We also need to decide on AI gold and starting settlers. Since the human gets 500 free gold worth of treasure, the "neutral" solution would be to give the AI 500 gold. However without sawmills the AI doesn't really have any good way to spend the money in the early game. So either we give the a Fighter's Guild instead or teach them to buy fighter's guilds more (currently set as a "buy multiplier" of 4. So they'll buy if they have 4 times the required money unused. Meaning they need over 2k to instantly buy and over 1k to buy when halfway done. Sawmills were a 1 and will remain so. Considering the maintenance reduction and the production bonus, and the lack of housing bonus, the AI will still do sawmill first. But at cost 68 they are much less of a gold sink then before, 500 can't be used on those. Alternately we could make the AI prioritize spending on a few more buildings : marketplaces, magic markets and libraries, but honestly, those get build quickly enough so it might not make a difference to buy them.) or do nothing and go with "this will let them buy things a few turns earlier due to higher unused gold", so instead of aiming for instant snowballing potential, just let them use it in a generic way.

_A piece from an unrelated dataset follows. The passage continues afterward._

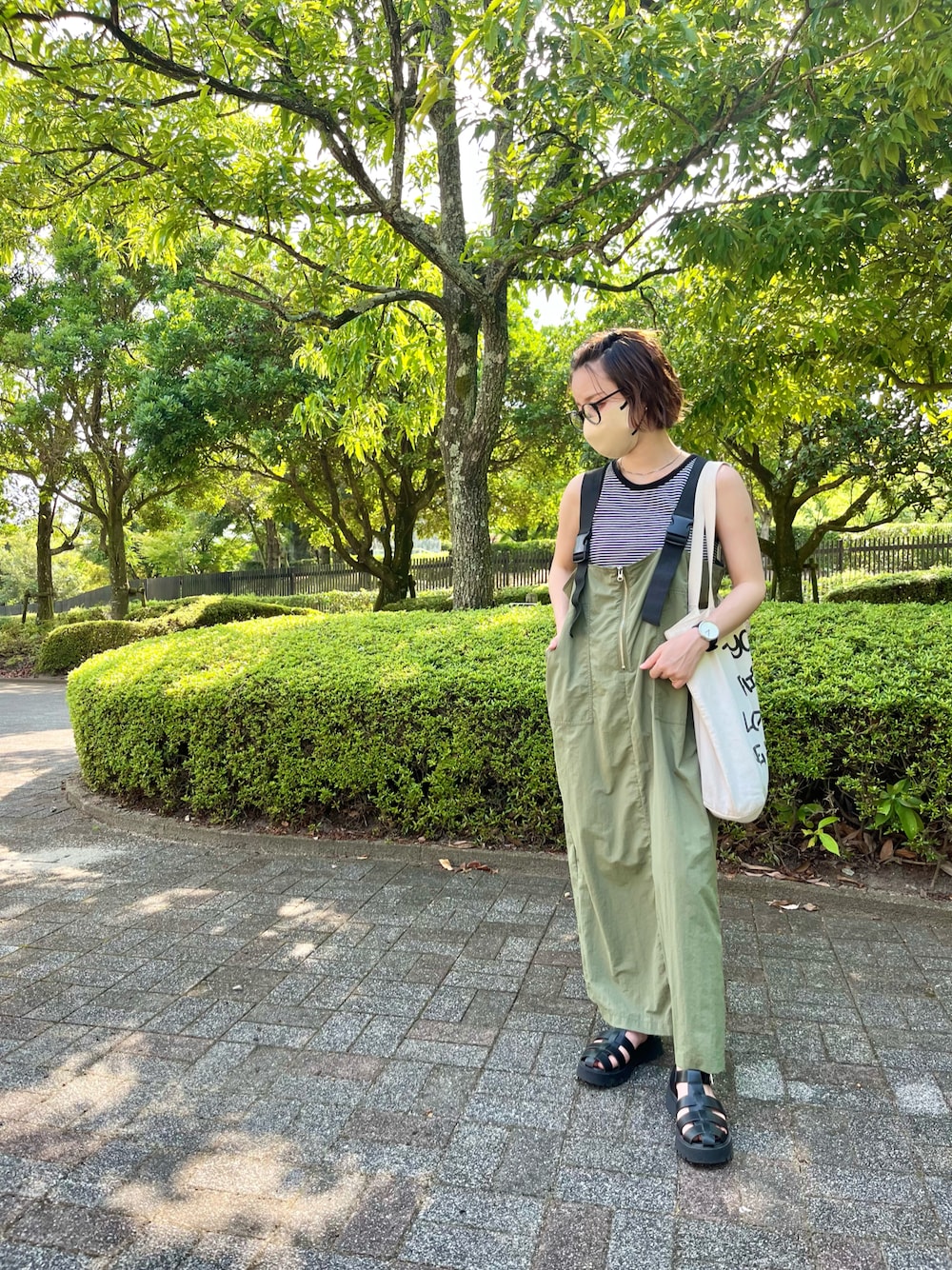 「夏コーデ、ママコーデ、マタニティコーデ、妊婦コーデ、ラクチンコーデ、低身長コーデ、おちびさん、150cm、夏、ジャンパースカート、グルカサンダル、妊娠6ヶ月」｜「forksy.の【forksy.】リブボーダーアメスリカップ付きタンクトップ（タンクトップ、ブラック系）」を使った、Kiさん（レディース・150cm）の夏コーディネートの1枚目の写真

For settlers, on the human side 1 fewer settler would be reasonable(you can buy it from the found treasure). This would mean the AI can also lose 1 settler as well (they produce them anyway). This slows down city spam on both sides, but does encourage the player spending on military and stealing troops, while also reducing the weight of the starting race decision and reduces the number of cities you have from your home race. We can also reduce AI starting gold, the part they gold as compensation for that settler. Also, fewer cities do mean losing any hurts more, so an early attack against the AI will cripple that AI at a much more efficient manner, and it'll be easier to hold the conquered cities (AI has no third production center), while also having fewer own to defend.
Overall, I think I'm against reducing settlers despite the advantages. I didn't like how in the old system I usually had only 1-2 cities of my starting race, and all others were stolen from the AI.
Also, we did want to give the player the extra gold to increase possible choices and make peaceful expansion more playable. Taking away that settler would reduce that choice to "buy the settler, or buy military and start a war".

Conclusion :
We add the sawmill change, basic production and the proposed housing formula. (unless someone suggests an even better housing formula, but with all the mathematical limits I don't expect that to happen)
I'm fine with adding the extra lairs but then we must commit ourselves to do whatever it takes to fight the "armorer's guild tier rush" if it becomes a reliable strategy. Even if that "whatever" will be less than ideal.
I'm against reducing starting settlers. (part of me is wishing we could but let's face reality)
I'm fine with not giving the AI any increased starting gold (they'd suck at using it and it has low relevance), but I'm against reducing it. Ultimately the AI starting condition seems to be fine as is (long term advantages might not but that's a different story.